ESSENCE AND REALITY OF MUDHARABAH IN INVESTATION, FINANCING, AND
INSURANCE.
Oleh
Rizkiyah Rokhmatul Laili
(17081194022)
Lembaga keuangan syari’ah saat ini
semakin berkembang dengan adanya berbagai produk – produk akad yang tetap
memperhatikan prinsip – prinsip syariah. Lembaga keuangan syariah ini lambat
laun dikenal oleh masyarakat luas melalui prinsip utama dari lembaga keuangan
syariah ini yakni tidak adanya sistem bunga. Sistem bunga dalam dunia islam
memang dilarang atau hukumnya haram.
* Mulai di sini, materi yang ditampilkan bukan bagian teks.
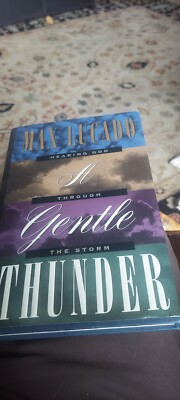 Max locator hardbook his back a gentle thunder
Salah satu hal yang mencirikan dari
lembaga keuangan syraiah ini adalah mengutamakan prinsip kesejahteraan atau
kemaslahatan.
Salah satu upaya dari lembaga
keuangan syaraiah untuk menghindari adanya riba atau bunga dalam transaksi
keuangan yaitu adanya instrument keuangan bagi hasil (Profit Sharing).
Maksud dari bagi hasil ini adalah pembagian keuntungan maupun kerugian
antara dua belah pihak yang bertransaksi sehingga kedua belah pihak akan
mengontrol perkembangan usaha dari salah satu pihak yang menerima modal. Instrument
keuangan ini sering dikenal dengan istilah mudharabah.
Mudharabah merupakan salah satu
elemen penting di dalam sebuah lembaga keuangan syaraiah. Dengan adanya
mudharabah dapat dipertemukannya antara pendanaan dengan keahlian (usaha
produksi) untuk melakukan suatu kerja sama atau bisnis. Mudharabah dianggap
sangat beresiko tinggi terutama karena resiko moral, seleksi yang merugikan,
dan kurangnya keahlian bank dalam penilian proyekserta permasalahan teknis
terkait lainnya (Ayub, 2007).
Penerapan mudharabah dalam lembaga
keuangan syariah masih kurang, dikarenakan terdapat tingginya resiko dalam akad
mudharabah. Mudharabah lebih banyak digunakan dalam bisnis komersil berjangka
pendek sehingga bank dapat mengurangi resiko sampai level terandah dan adanya
jaminan dana akan kembali. (Rivai, Veithzal, Abdul Hadi Sirat, Tatik Mariyanti,
2014). Untuk itu, implementasi mudharabah dalam lembaga keuangan syari’ah masih
minim dan masih kalah dengan akad transaksi lainnya. Misalnya akad murabahah
yang paling sering digandrungi masyarakat dalam bertransaksi di lembaga
keuangan syariah dikarenakan resikonya yang lebih rendah.
Mudharabah merupakan suatu
perjanjian antara dua belah pihak atau lebih untuk melakukan suatu kerja sama
dimana salah satu pihak bertindak sebagai pemilik modal atau pemberi dana (shahibul
maal) dan satu pihak lainnya bertindak sebagai pengelola usaha (mudharib).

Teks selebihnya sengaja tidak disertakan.